LOWER YIELDS BUT GOOD GRAPES,
IN MENDOCINO, SONOMA HARVESTS

louis martin
cns news & features

Mendocino and Sonoma wine growers may have lucked out. With a cold, wet winter and a spring that looked like more of the same, it could have been a catastrophe for wine grape growers. Instead it looks like a pretty good year.

Said Allan Green, owner and winemaker at Greenwood Ridge Vineyards in Mendocino county, "Although the yields were down, the quality was excellent."

Most of the harvest is now in.

The wet winter and the storms in spring were the reasons for the lower yield.

In Anderson Valley, said Green, "it was so cold this spring, or this so-called spring," that the bloom did not get a chance to set properly for some wine grapes.

For Gewurztraminer, an early-bloomer, yields were down as much as 80%. "It was trying to bloom," said Green, "just when we had some really unnaturally cold and rainy weather." Green calls the flowering stage a "critical point" when relatively warm, dry weather is required.

Jim Sallee, deputy agricultural commissioner in Sonoma county, said some Sonoma growers were down as much as 60% on "some small blocks, but most growers were in the 85 to 90% range." Percentages are comparisons to a twenty-year average.

Merlot and Chardonnay yields were down the most in Sonoma county, said Sallee.

While the wet, cold winter hurt the bloom and reduced the yield, the lack of rain during the fall harvest season has been a blessing. "We didn't have our typical bunch rots and problems with funguses. In that way I think we got out unscathed."

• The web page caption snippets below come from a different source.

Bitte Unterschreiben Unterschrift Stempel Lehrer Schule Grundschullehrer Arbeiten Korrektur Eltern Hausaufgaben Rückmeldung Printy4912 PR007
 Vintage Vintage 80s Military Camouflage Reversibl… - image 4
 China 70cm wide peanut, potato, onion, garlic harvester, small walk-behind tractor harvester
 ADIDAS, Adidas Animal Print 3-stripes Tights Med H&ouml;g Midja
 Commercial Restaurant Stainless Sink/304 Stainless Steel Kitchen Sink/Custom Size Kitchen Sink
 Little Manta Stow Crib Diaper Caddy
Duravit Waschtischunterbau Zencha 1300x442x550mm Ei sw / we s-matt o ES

On another positive note, Sallee said that some of the problems anticipated because of the winter flooding did not materialize. "Things seemed to dry out."

Sonoma runs neck and neck with Napa county in total wine grape production. Thirty-four thousand acres are under cultivation, and in 1994 the harvest yielded total revenues of $152,280,00. 1995 revenues are likely to be a little less this year, according to Sallee.

Even though this year's yield is down, Green said, "Generally, everybody's real happy with the grapes we do have."

He's also very optimistic about Greenwood Ridge Vineyards Merlot. "What you really want is grapes that get nice and ripe but take a long time to do it, and that's what we had with the Merlot this year."

He's picking cabernet sauvignon this week. "We're usually one of the last," said Green. In Sonoma county 98% of the grapes have been harvested.